I’ve placed the myth in italics and the reality follows.
1. I am automatically divorced 6 months after I file for divorce. No.
2. I am legally separated once I file for divorce. No. Your Petition for Dissolution of Marriage or Legal Separation only lists the date you contend is your date of separation from your spouse.
3. If she/he withholds child support, I can retaliate by withholding visitation for him/her with our children. NO! Child support and visitation are not linked. Even deadbeat dads and deadbeat moms get to visit their children. However, the failure to financially support a minor child may be one of the factors a family court considers to decide primary custody of that child.
4. If he/she marries a high earner, my child support payments will go down. NO. Your ex’s new spouse, even if they are a billionaire, has no legal duty to financially support your children. This means your ex spouse could marry a billionaire who flies her/him and your kids around on a private jet and they all live in a large and magnificent estate with servants, and a private chef, etc., and you are still legally required to pay child support.
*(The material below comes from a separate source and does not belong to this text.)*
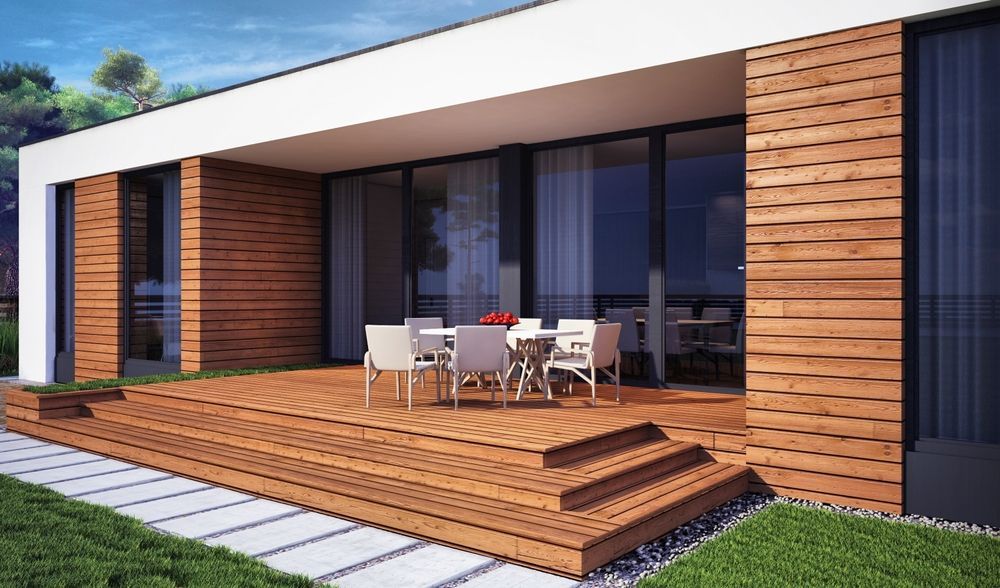 Patio de casa moderna con terraza de madera, mesa de comedor al aire libre y grandes puertas corredizas de vidrio.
5. If I buy a house with a fat mortgage, I can’t afford child support, so it will go down. NO. In fact, under the California child support guideline, your child support will probably increase because that fat mortgage gives you a bigger tax deduction and therefore you have more net money available for child support.
6. If my name is not on the credit card, I don’t owe the debt incurred during the marriage. Wrong. However, there may be some credit card debts incurred by your spouse that a family court will confirm to them. It depends on the facts.
7. I can be reimbursed for paying his/her premarital debts. NO. That was a good deed and no good deed goes unpunished.
8. The Court can make the other parent chip in for the kids’ college. NO. In California, there is no legal requirement that a parent pay for the college education of their child.
9. If I quit my job, I won’t have to pay support. Are you kidding me? Who told you that?
10. If we’re married more than 10 years, then he/she has to pay for me to get a college education. NO, that is what your spousal support can be used for.
11. Children can make custody decisions at age 12. Not very often, if at all. However, there has been a major shift in California law regarding the custody of minor children age 14 and older. Children 14 years and older now have the right to express their preference with respect custody to the family court. How this will manifest itself is still being worked out by the family courts in California. It is probably unlikely that we will see children on the witness stand in custody cases.
12. If we have equal custody, there won’t be any child support. Wrong. Child support in California is determined by a statewide uniform guideline and the timeshare parties have with their children is just one of the factors that is considered in determining child support.
13. I know we’ve been married for 15 years, but our child who was born 15 years ago, isn’t mine. I want a paternity test. You’re kidding me, right? Sorry, too late to ask.
14. If the family court orders me to pay community debts, I can always discharge them in bankruptcy. Probably not since the bankruptcy laws changed a few years ago.